Gartner’s definition of SASE is built around the notion of integrated network and security that’s cloud-delivered. Most of the SASE vendors are powerful in networking and partner in the areas of security, which isn’t SASE, but Palo Alto Networks will now have native network and security capacities.

CloudGenix has a very lightweight appliance, also usable in a virtual form factor, that will let Palo Alto extend its security fabric to the branch. The zero-touch stipulation endpoint makes it fast and easy to onboard remote locations, retail shops, and, in the future, internet of things (IoT) endpoints. One of the byproducts of COVID-19 is that it showed how deficient most companies are at scaling their remote access infrastructure. COVID-19 will act as a catalyst for change and shift more applications out of corporate data centers and enduringly shift many people to work from home.

AI-infused network appliances

The two appliances each target a diverse set of environments. The Ion 1000 is designed for uniting retail stores and other edge sites to the centralized wide-area network that links a company’s disparate locations. The largest CloudGenix device joins the CloudGenix Ion 9000 to date, which Palo Alto Networks targets at more significant locations such as corporate headquarters.
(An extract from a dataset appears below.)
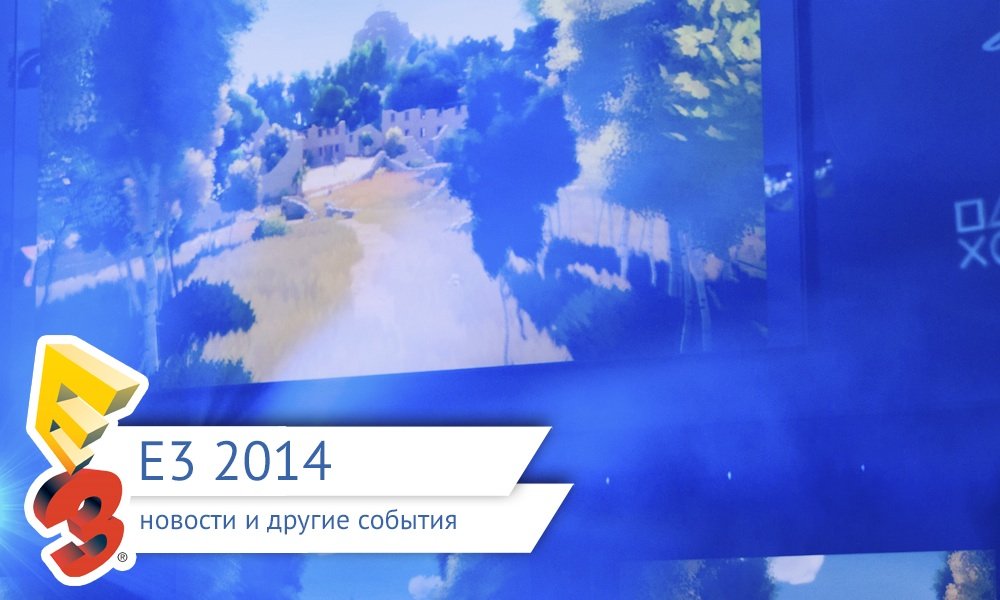 E3 2014: все новости и события - фото 6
The new AI features, in turn, focus on facilitating network troubleshooting. A common troubleshooting difficulty is that maintenance tools tend to generate many alerts for technical issues, making it difficult to picture the root cause. According to Palo Alto Networks, the AI technology it has combined with CloudGenix can automatically group alerts tied to a common root cause to enhance the speed with which administrators can implement the fix.

The technology is also proficient in fixing some performance issues on its own. Palo Alto Networks makes the strong claim that its software can eliminate up to 99% of support tickets associated with wide-area network and application access problems.

“With powerful ML-based capabilities, we deliver dramatic reductions in ‘day two’ operational costs. A customer recently told us they reduced their WAN costs by 82%,” says Kumar Ramachandran, the head of product management for Palo Alto Networks’ firewall-as-a-platform business line and previously chief executive of CloudGenix.

Applying AI to automate troubleshooting is an approach that other players in the wide-area networking market are embracing. Juniper Networks Inc. joined the fray recently. A few weeks earlier, Hewlett Packard Enterprise Co.’s Aruba unit rolled out an AI-powered platform to support customers automate network operations.

Cybersecurity, Palo Alto Networks’ main practice, was also a focus in today’s update. The company is supplementing integrations between CloudGenix and its Prisma Access platform for shielding enterprise networks from cyberattacks. As a result, administrators will obtain the ability to configure security perspectives for their companies’ CloudGenix-powered infrastructure through the Prisma Access interface.